Die Unterüberschrift „Heimat, Wert und Fantasie“ soll inhaltlich schon den Fingerzeig darauf geben, was den Besucher erwartet. Dazu gehören Heimatgeschichte, Wertvolles, Erhaltenswertes und letztendlich auch die Fantasie, die sowohl die Stickerei - auch die maschinelle -, die Schnitzerei, als auch andere wertvolle Ausstellungsobjekte zum Ausdruck bringen. Das Konzept wird Ihnen nachher noch einmal etwas genauer erläutert.

Auch wenn es anfänglich, nachdem der Stadtrat den entsprechenden Beschluss gefasst hatte, sehr unterschiedliche Meinungen zu diesem Namen gab, wollen wir nun mit Konsequenz auch diesen Namen weiterführen.
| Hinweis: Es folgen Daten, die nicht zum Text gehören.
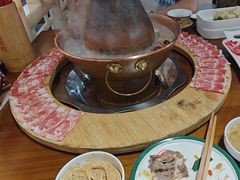 -津门老羊家·铜锅涮羊肉·烧烤(科技园店)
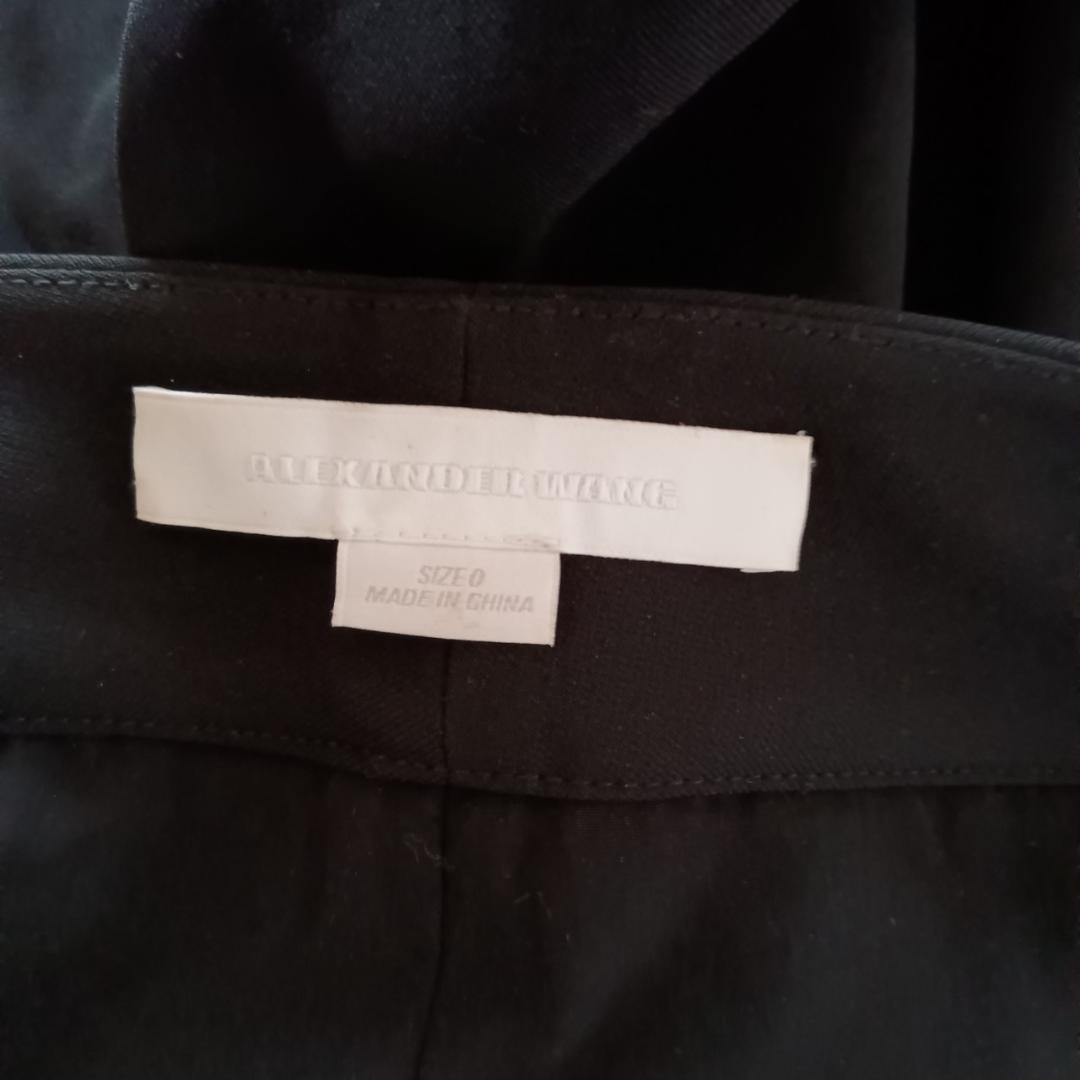 ALEXANDER WANG アレキサンダーワン ショーツ X3855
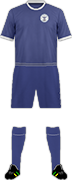Camiseta TOTTORI JOHOKU F.C.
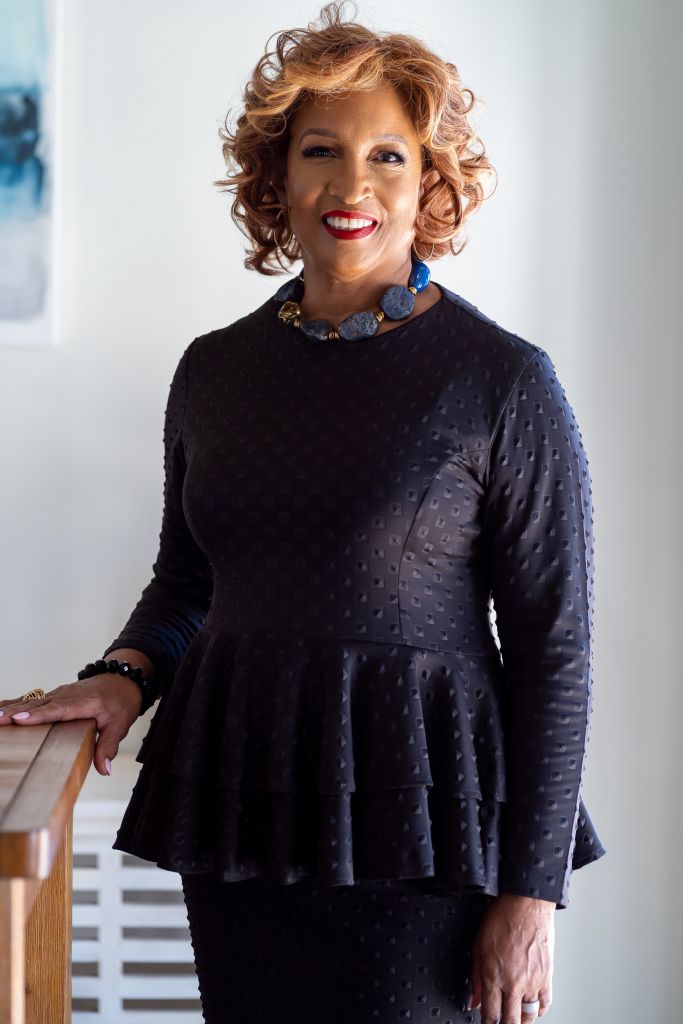 Bishop Vashti McKenzie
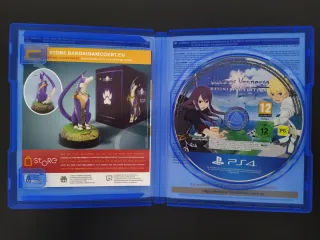 🇪🇦 Tales of Vesperia, Zestiria, Berseria PS4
Über Namen und Geschmack kann man sicher immer streiten. Ich wünsche mir aber, dass wir das berechtige Für und Wider nun beiseiteschieben und die nun getroffene Entscheidung auch akzeptieren. Es bringt nichts, wenn wir immer wieder in das alte Namensmuster zurückfallen oder wenn wir ständig durch Kritik mit dem neu gefundenen Namen hadern. Lassen Sie uns diesen Namen nun mit Konsequenz, Begeisterung und Engagement in das Land hinaustragen und so für Besucher werben.

Deshalb wünsche ich der Museumsleitung dazu das nötige Geschick und unseren gesamten touristischen Akteuren der Region den Mut, diesen Namen auch offen hinauszutragen und unsere Einrichtung zu empfehlen. Der heutige Tag soll auch dazu beitragen, dass alle, die gekommen sind, sich überzeugen können, dass dieses Haus im Verlauf der letzten 25 Jahre tatsächlich zu einem echten „Schatzhaus“ geworden ist.